In hopes of stirring excitement, Fox recently ran a commercial that envisioned the team… winning the entire tournament!5
If you’re heavily reliant on the U.S. team’s success, there are myriad reasons for concern. The team made a big coaching splash last year with Pochettino but has been pretty mediocre in its tune-ups for this World Cup. The USMNT is winless in its last 10 matches against European nations, including blowout losses to Belgium (5-2) and Switzerland (4-0). By some metrics, the team has regressed over the past few World Cup cycles. The U.S. entered the 2006 World Cup as the No. 5 team in FIFA’s global rankings. It enters this event as the No. 17.
But there’s also good news. This is a bigger tournament, 48 teams instead of 32, and twice as many nations will advance to the knockout stage. As a host, the U.S. was automatically made a Pot 1 country, guaranteeing there wouldn’t be another Top 10 team in its group. The rest of the group is fine—Paraguay and Turkey are decent teams and Australia was the lowest-ranked team the U.S. could possibly have drawn from Pot 3.
All in all, it’s a remarkably easy group for a host nation ranked outside the Top 15. Barring an absolute disaster, this team will make the knockout stages. After that, anything can happen.

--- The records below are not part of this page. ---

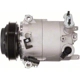 Purchase Top-Quality New Compressor And Clutch by SPECTRA PREMIUM INDUSTRIES - 0610333 pa7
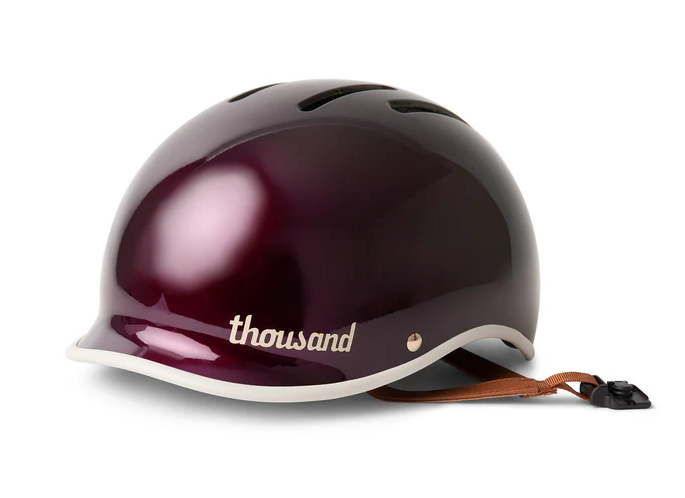 Thousand Heritage 2.0 Chic-a-Cherry Cola M 57-59cm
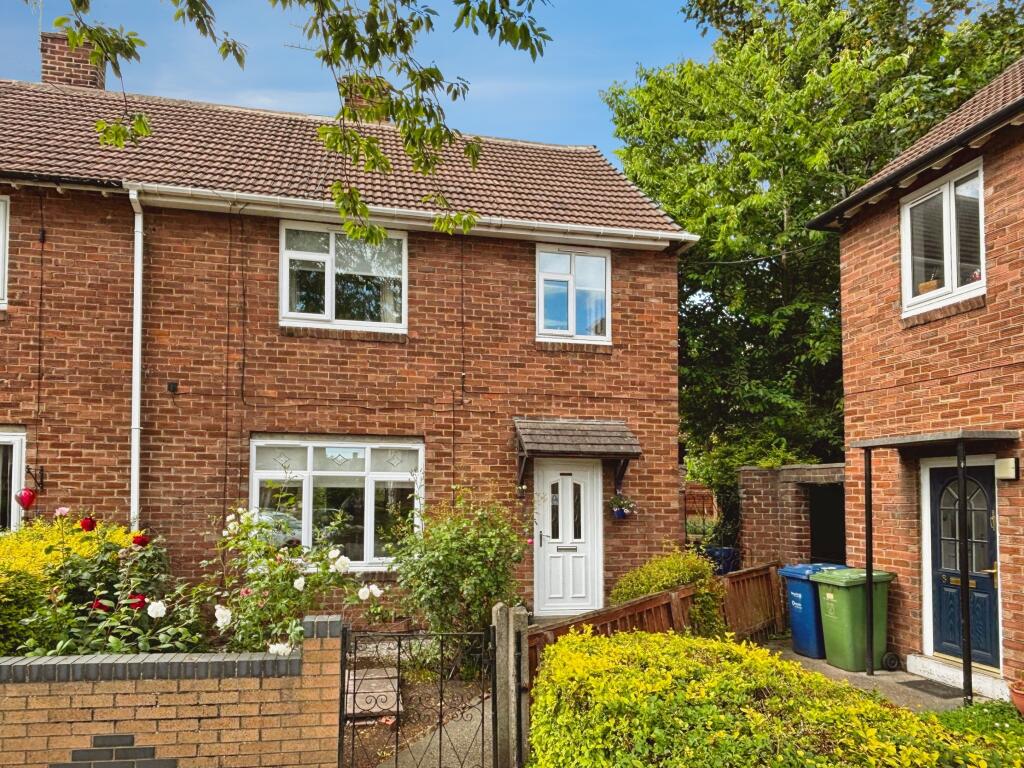 Main image of property: Dunlop Close, Benton, Newcastle upon Tyne, NE7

My head tells me the U.S. squad won’t play much longer than that point. But if you’re looking for optimism, watch this absolute screamer from Antonee Robinson 👇
Jacob’s 🔥 Take: U.S. soccer saw a big bump from hosting the 1994 World Cup, but it was also a lot harder to follow other leagues back then. Surely Americans will fall in love with Robinson or Tim Weah this summer, but many others seem destined to become enamored with Spain’s Yamine Lamal or England’s Jude Bellingham. And between social media and streaming, it’ll be much easier to follow them back to their domestic leagues this fall.
Club Sportico is a community organized by Sportico, a digital media company launched in 2020 to cover the business side of sports. You can read breaking news, smart analysis, and in-depth features from Eben, Jacob and their colleagues at Sportico.com, and listen to the Sporticast podcast wherever you get your audio. Contact us at club@sportico.com.

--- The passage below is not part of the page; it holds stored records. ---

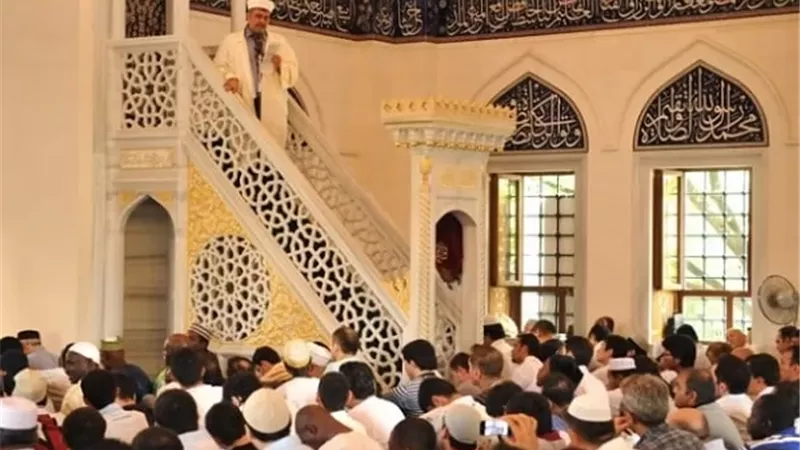 بوابة الجمهورية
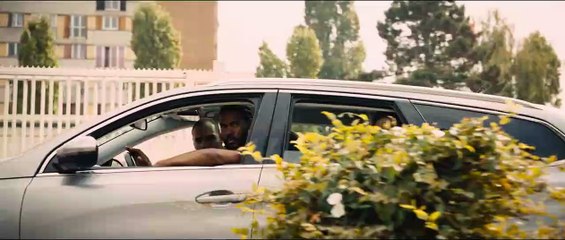 Os Miseráveis | movie | 2019 | Official Trailer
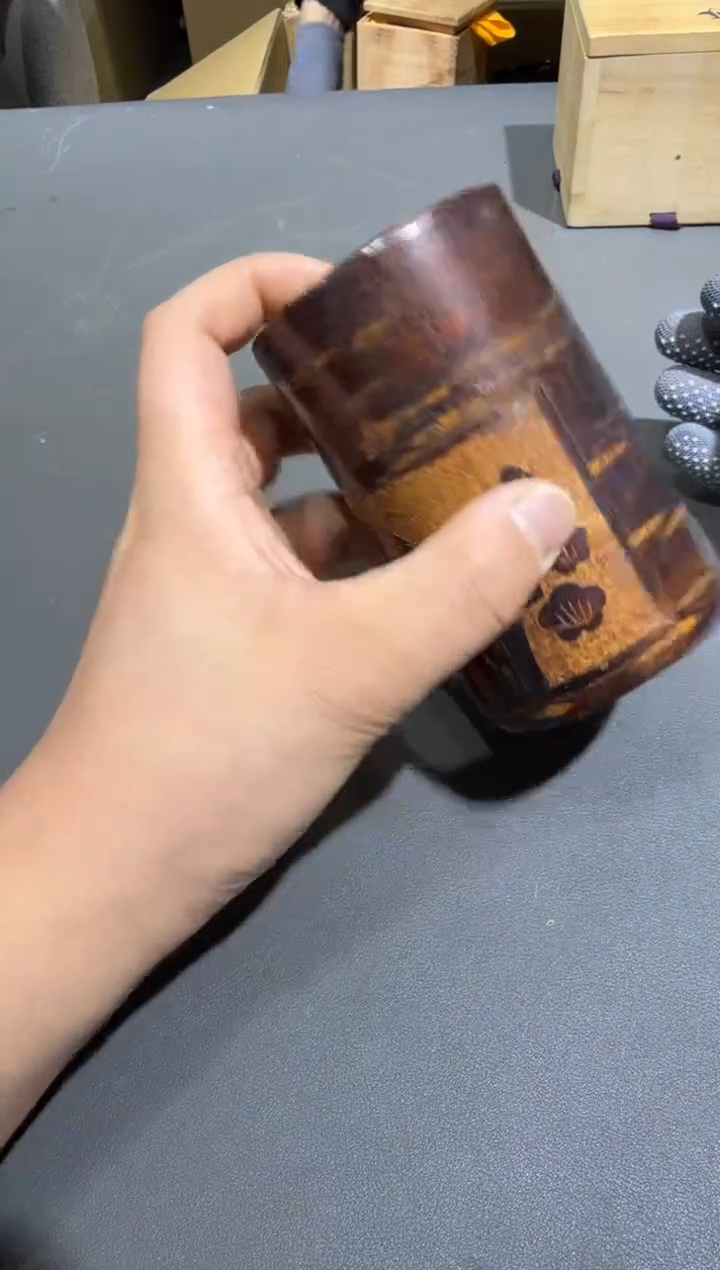 【闪购商品】杯孤品收藏2号店中古品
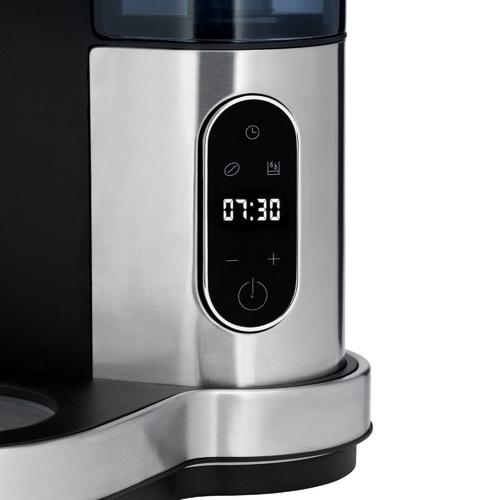 Allumez votre cafetière !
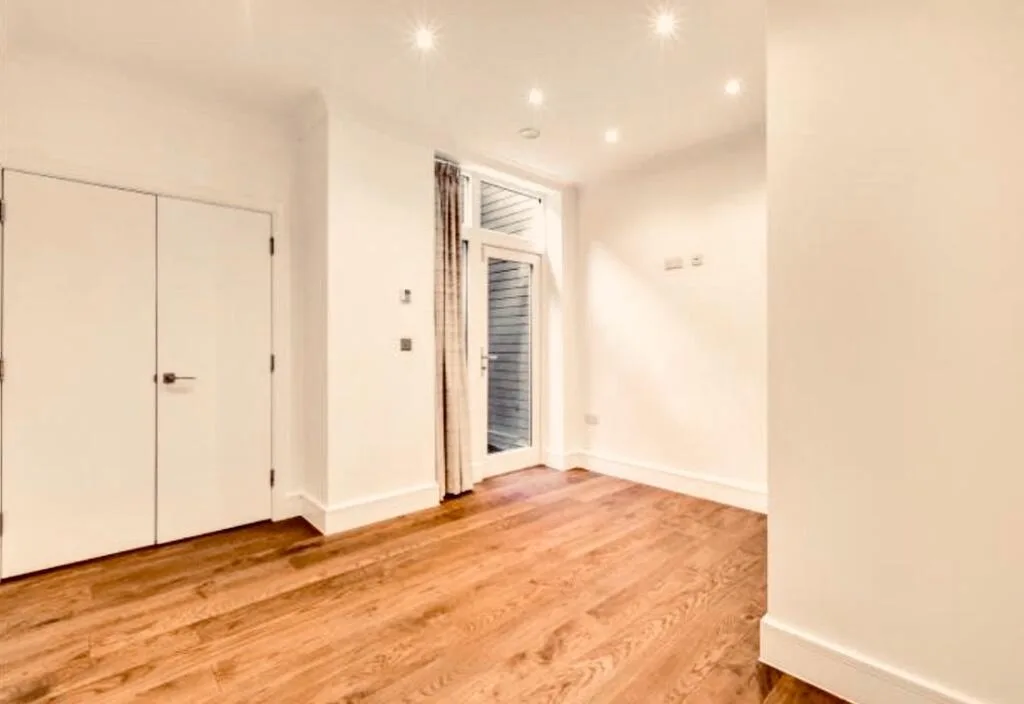 2 bedroom terraced house for rent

A Knicks Finals run has also taken some oxygen away from futbol, at least in New York
According to the SFIA, 32 million Americans played basketball in 2024. Soccer’s participation was 20.4 million, followed by baseball (17.3 million) and volleyball (10 million).

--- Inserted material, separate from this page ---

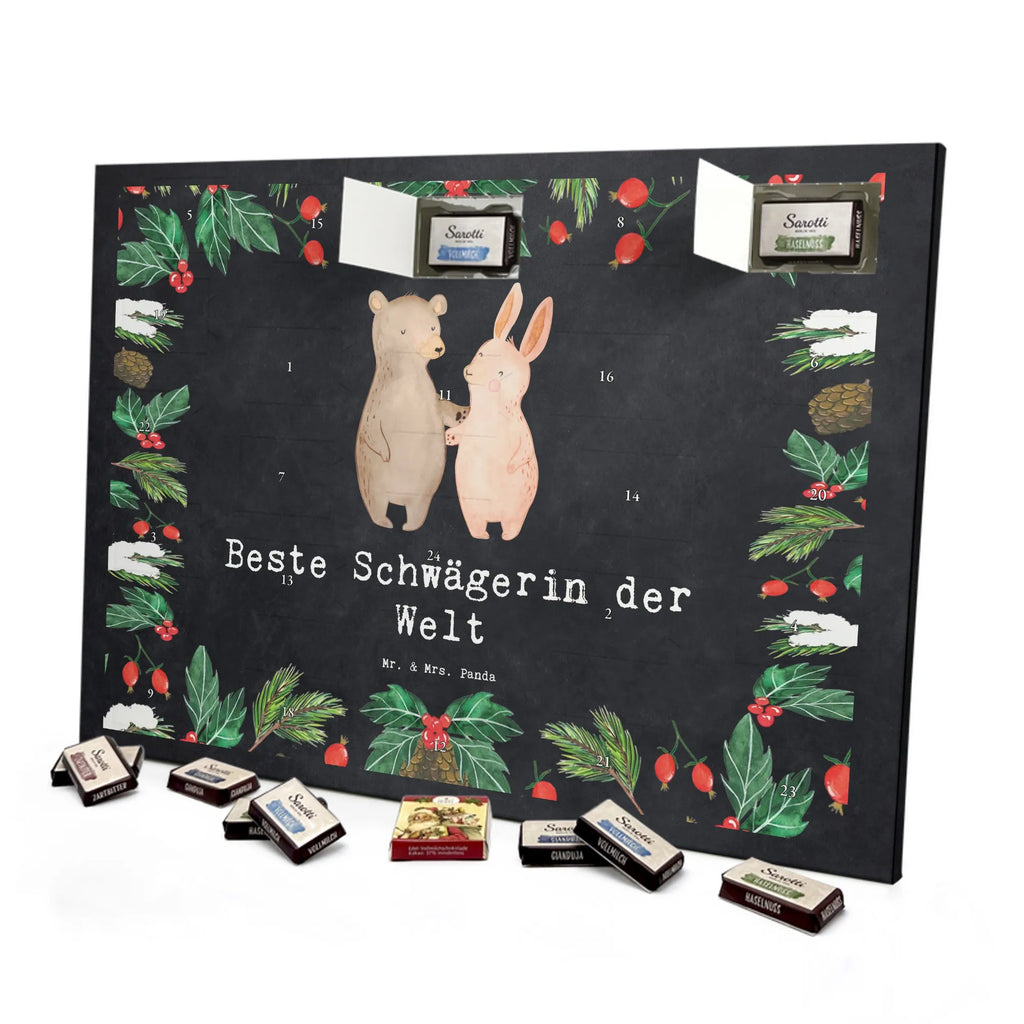 Adventskalender Hase Beste Schwägerin der Welt advent kalender, schokoladen kalender, schokoladenkalender, adventskalender süßigkeiten, adventskalender mit pralinen, schokolade adventskalender, Schoko Adventskalender, schokokalender, schoko kalender, süßigkeiten kalender, kalender schokolade, Adventskalender Schokolade, pralinen adventskalender, süßigkeiten adventskalender, adventskalender pralinen, Schokoladen Adventskalender, Adventskalender, schoko weihnachtskalender, adventskalender mit süßigkeiten, adventskalender mit schokolade, Weihnachtskalender, Weihnachtskalender Schokolade, weihnachtskalender schoko, Schenken, Bedanken, Geschenkidee, Dankeschön, Danke, Mitbringsel, Geburtstag, Geburtstagsgeschenk, Geschenktipp, Freude machen, für, Geschenk, Frau, Schwähgerin, Bruder, Ehefrau, Schwippschwägerin, Partner, Angeheiratet, Familie, Verwandtschaft, Schwester, Ehemann, Schwägerin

The official World Cup draw, where Infantino awarded President Trump the inaugural FIFA peace prize, was held at the Kennedy Center in D.C. in December. In the ensuing months, Trump renamed the venue in his honor, authorized a raid that captured Venezuelan president Nicolas Maduro, then helped launch a global war with Iran.
The full story, which my former colleague Tariq Panja recently outlined in the New York Times, is pretty wild.
I love that it’s not too much to stage the USMNT winning the World Cup, but it IS too much to show viewers which specific player might score the winning goal.